The statements by the two elmoru who accompanied the caravan from Naivasha to Kijabi were particularly fine efforts, and showed very clearly that they had done everything possible in order to avoid a clash. I came to the conclusion that unless the evidence of the survivors to the contrary was equally weighty, there could be no possible doubt that the behaviour of the caravan as a whole was abominable, and that the Masai received the greatest provocation.

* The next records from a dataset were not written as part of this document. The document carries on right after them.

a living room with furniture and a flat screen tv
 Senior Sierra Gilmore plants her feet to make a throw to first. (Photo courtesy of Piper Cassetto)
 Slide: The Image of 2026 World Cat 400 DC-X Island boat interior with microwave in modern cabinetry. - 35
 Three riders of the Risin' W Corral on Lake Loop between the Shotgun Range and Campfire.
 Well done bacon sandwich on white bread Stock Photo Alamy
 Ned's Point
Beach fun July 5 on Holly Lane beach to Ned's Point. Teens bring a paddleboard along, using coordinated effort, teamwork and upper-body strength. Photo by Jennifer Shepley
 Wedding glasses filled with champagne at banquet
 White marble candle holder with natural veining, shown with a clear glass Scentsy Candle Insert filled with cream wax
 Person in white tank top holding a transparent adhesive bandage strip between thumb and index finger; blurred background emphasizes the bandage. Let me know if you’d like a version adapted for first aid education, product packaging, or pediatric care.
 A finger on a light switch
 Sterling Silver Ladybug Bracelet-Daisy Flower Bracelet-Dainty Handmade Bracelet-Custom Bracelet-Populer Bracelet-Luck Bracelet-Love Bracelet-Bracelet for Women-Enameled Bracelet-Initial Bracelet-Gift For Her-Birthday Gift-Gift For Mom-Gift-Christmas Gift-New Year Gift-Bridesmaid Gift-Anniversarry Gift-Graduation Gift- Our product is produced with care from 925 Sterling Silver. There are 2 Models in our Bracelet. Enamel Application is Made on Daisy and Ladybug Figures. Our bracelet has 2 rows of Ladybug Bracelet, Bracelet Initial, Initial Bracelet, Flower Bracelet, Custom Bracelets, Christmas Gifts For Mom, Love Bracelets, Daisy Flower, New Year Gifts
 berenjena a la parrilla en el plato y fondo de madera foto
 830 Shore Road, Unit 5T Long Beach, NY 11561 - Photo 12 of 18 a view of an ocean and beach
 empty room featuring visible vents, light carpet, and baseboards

On reaching Fort Smith, I was told that Mr John Ainsworth had arrived there from Machakos some time previously, on the same inquiry as myself. I at once walked over to his tent, where I found him, very busy as usual, writing. After greetings he said "Well, what do you think about it?" to which I replied, "My dear John, I have only heard one side of it, but I am, so far, of the opinion that your people started it and had only themselves to blame!" to which he replied, "I am glad to hear you say that, as I have come to the same conclusion." We then gave each other the gist of our respective inquiries. We were also agreed on the unwarranted action of Dick. It was decided that the cattle taken should not be returned but be regarded as a fine, and the proceeds distributed amongst the relatives of the Akikuyu who had been killed.